The Company follows the liability method of accounting for income taxes.  Under this method, deferred income tax assets and liabilities are recognized for the estimated tax consequences attributable to differences between the financial statement carrying values and their respective income tax basis (temporary differences).  The effect on deferred income tax assets and liabilities of a change in tax rates is recognized in income in the period that includes the enactment date.


Recent Accounting Pronouncements

The FASB issued Accounting Standards Update (ASU) No.2012-02 Intangibles Goodwill and Other (Topic 350): Testing Indefinite-Lived Intangible Assets for Impairment, on July 27, 2012, to simplify the testing for a drop in value of intangible assets such as trademarks, patents, and distribution rights. The amended standard reduces the cost of accounting for indefinite-lived intangible assets, especially in cases where the likelihood of impairment is low. The changes permit businesses and other organizations to first use subjective criteria to determine if an intangible asset has lost value. The amendments to U.S. GAAP will be effective for fiscal years starting after September 15, 2012. Early adoption is permitted.  The adoption of this ASU will not have a material impact on our financial statements.


Fair Value of Financial Instruments


FASB ASC 820 "Fair Value Measurements and Disclosures" establishes a three-tier fair value hierarchy, which prioritizes the inputs in measuring fair value. The hierarchy prioritizes the inputs into three levels based on the extent to which inputs used in measuring fair value are observable in the market.


These tiers include:


Level 1: defined as observable inputs such as quoted prices in active markets;


Level 2:  defined as inputs other than quoted prices in active markets that are either directly or indirectly observable; and

Level 3:  defined as unobservable inputs in which little or no market data exists, therefore requiring an entity to develop its own assumptions.

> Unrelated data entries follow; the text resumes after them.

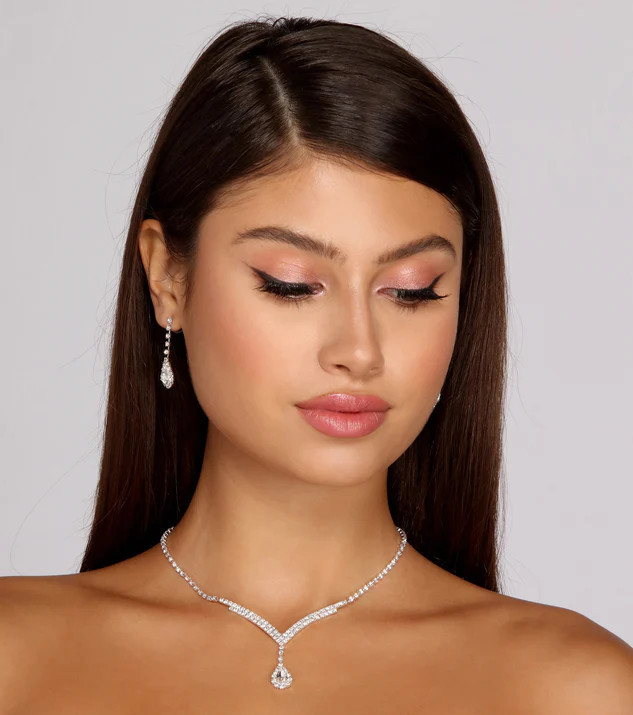 Teardrop Rhinestone Set | Windsor Stores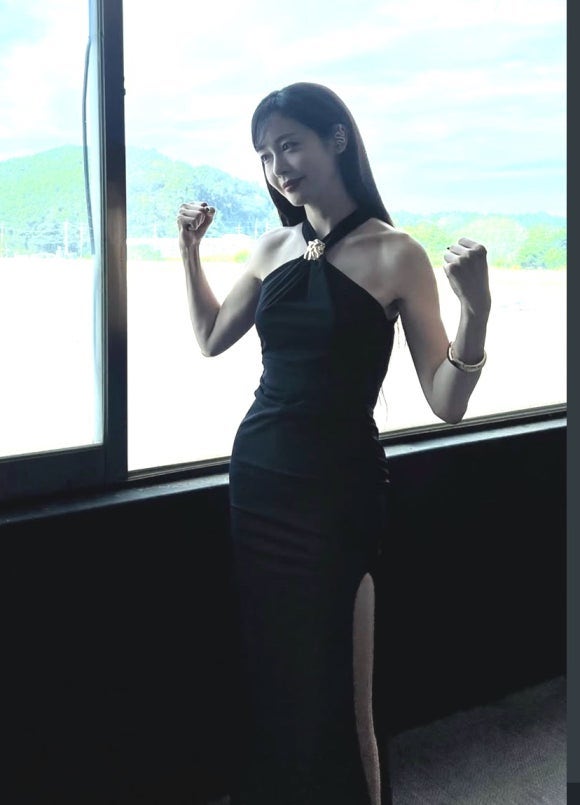 성유리 45세 나이 잊은 반전 분위기와 매력에 모두가 놀란 이유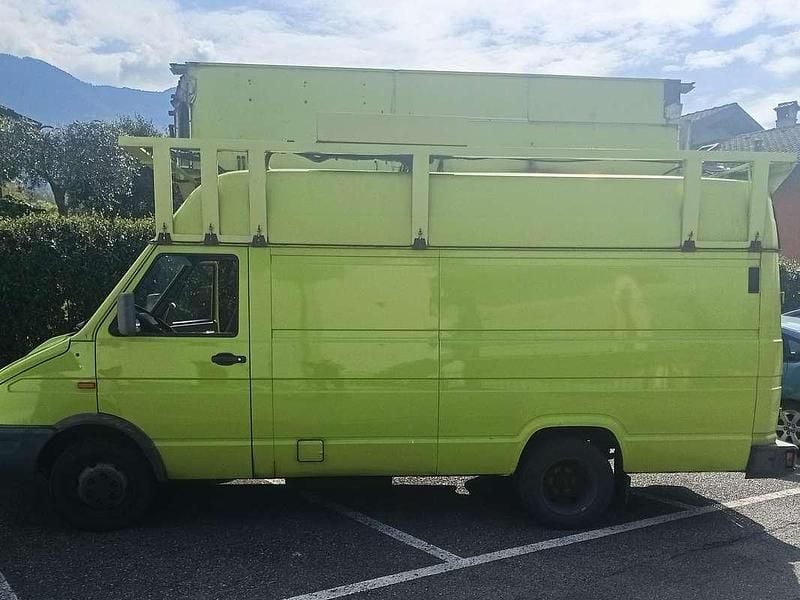 Usata Iveco Daily 131 CV (96 kW) 1997 Giallo Furgone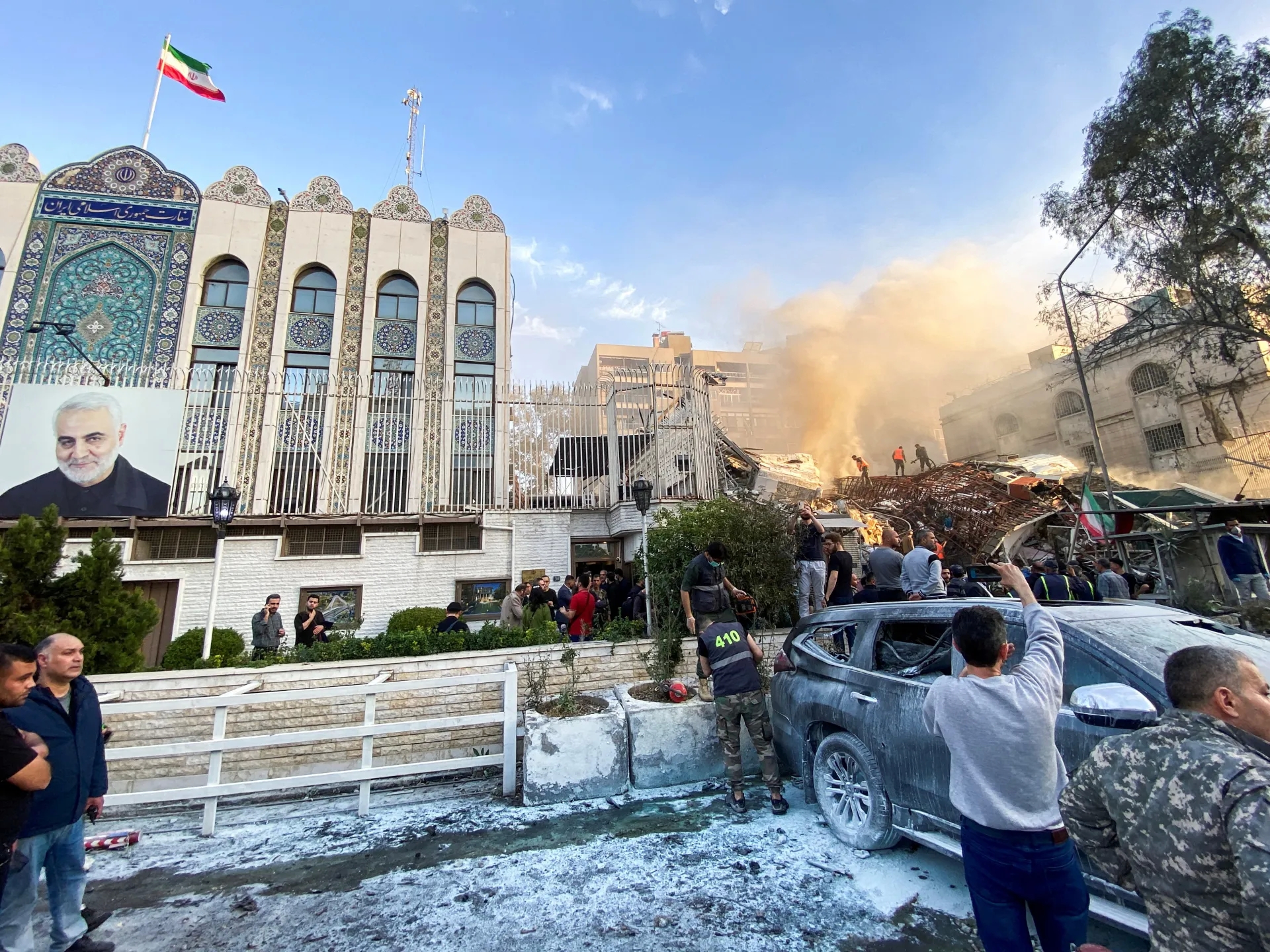 استهداف القنصلية الإيرانية بدمشق: عودٌ على بدء؟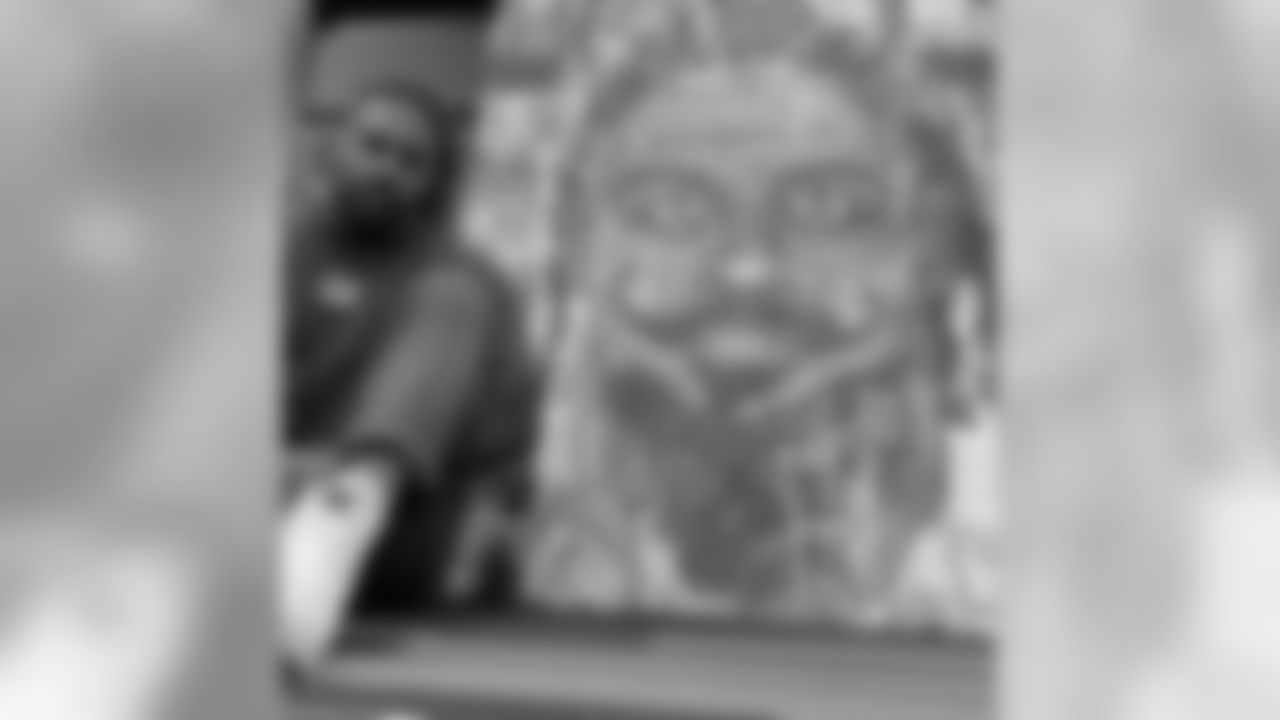 Cameron Jordan: Joshua Wingerter dropped this piece off... lol we kept a minimum 8 ft away the entire time... appreciate the artwork beastly.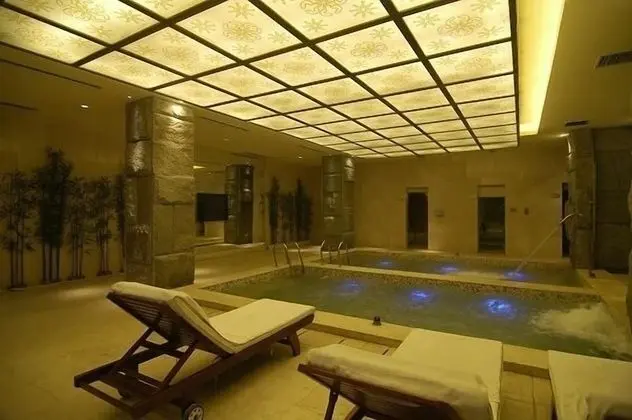 New Century Grand Hotel Kaifeng - Havuz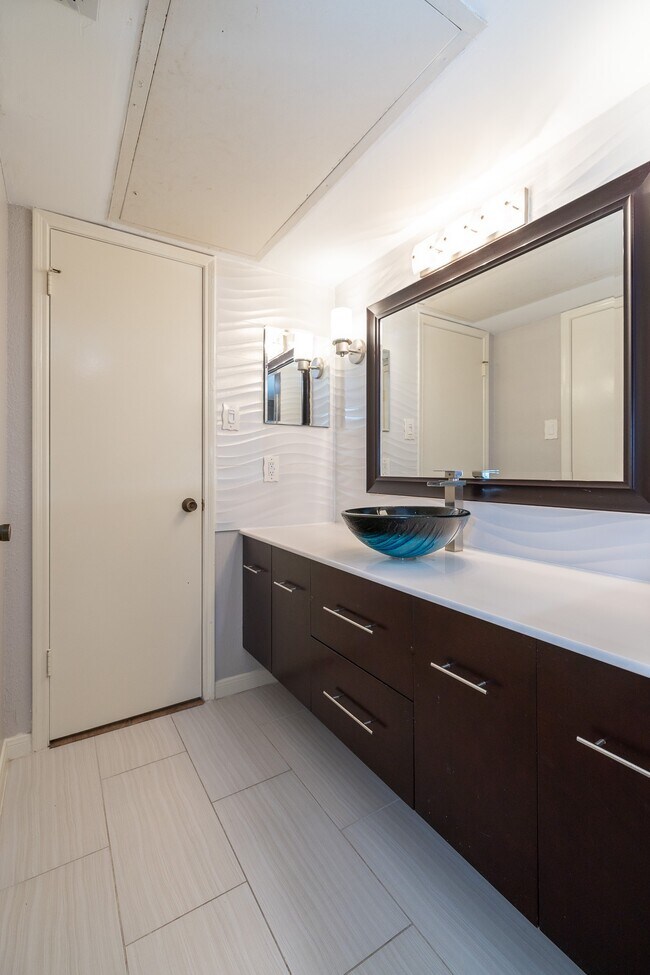 Building Photo - 2750 Holly Hall St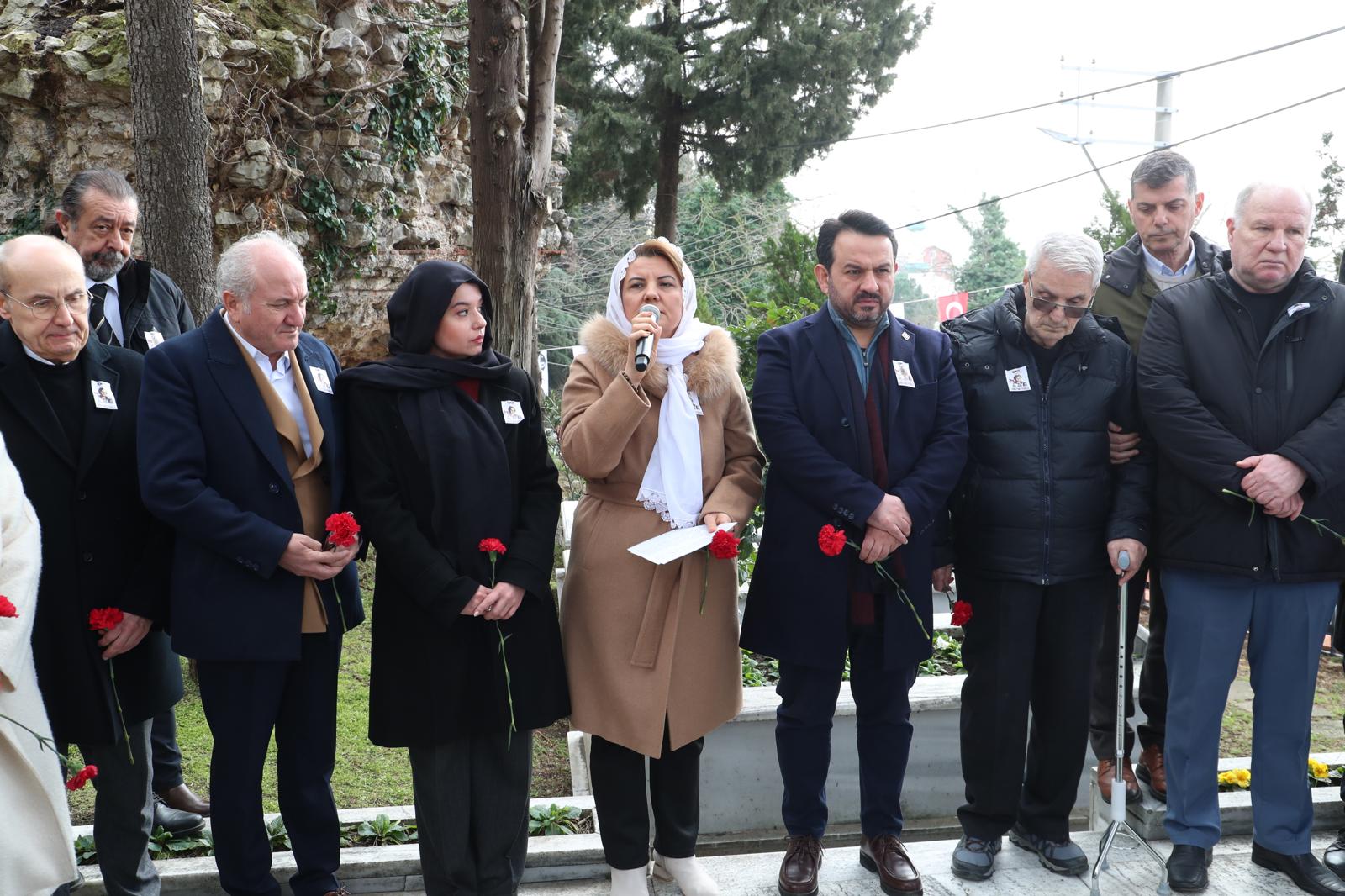 Efsane başkan Leyla Atakan vefatının 55. Yılında mezarı başında anıldı (5) Efsane başkan Leyla Atakan vefatının 55. Yılında mezarı başında anıldı (5)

The carrying amounts of financial assets and liabilities, such as cash and accrued liabilities approximate their fair values because of the short maturity of these instruments.


Use of Estimates

The preparation of financial statements in conformity with generally accepted accounting principles requires management to make estimates and assumptions that affect the reported amounts of assets and liabilities and disclosure of contingent assets and liabilities at the date the financial statements and the reported amount of revenues and expenses during the reporting period.  Actual results could differ from those estimates.


NOTE 4 – COMMON STOCK


The Company has 75,000,000 common shares authorized with a par value of $0.001 per share. On March 18, 2013 the Company issued 3,000,000 shares of its common stock at $0.001 per share for total proceeds of $3,000.


During the period December 20, 2012 (inception) to March 31, 2013, the Company sold a total of 3,000,000 shares of common stock for total cash proceeds of $3,000. In November and December 2013, the Company sold a total of 1,235,000 shares of common stock for total cash proceeds of $24,700. During the period December 20, 2012 (inception) to December 31, 2013, the Company sold a total of 4,235,000 shares of common stock for total cash proceeds of $27,700.




NOTE 5 – RELATED PARTY TRANSACTIONS


Since inception through December 31, 2013 the Director loaned the Company $6,400 to pay for incorporation costs, general and administrative expenses and professional fees.  As of December 31, 2013, total loan amount was $6,400. The loan is non-interest bearing, due upon demand and unsecured.


NOTE 6 – SUBSEQUENT EVENTS


In accordance with ASC 855-10, the Company has analyzed its operations subsequent to December 31, 2013 and to January 15, 2013 and has determined that it does not have any material subsequent events to disclose in these financial statements.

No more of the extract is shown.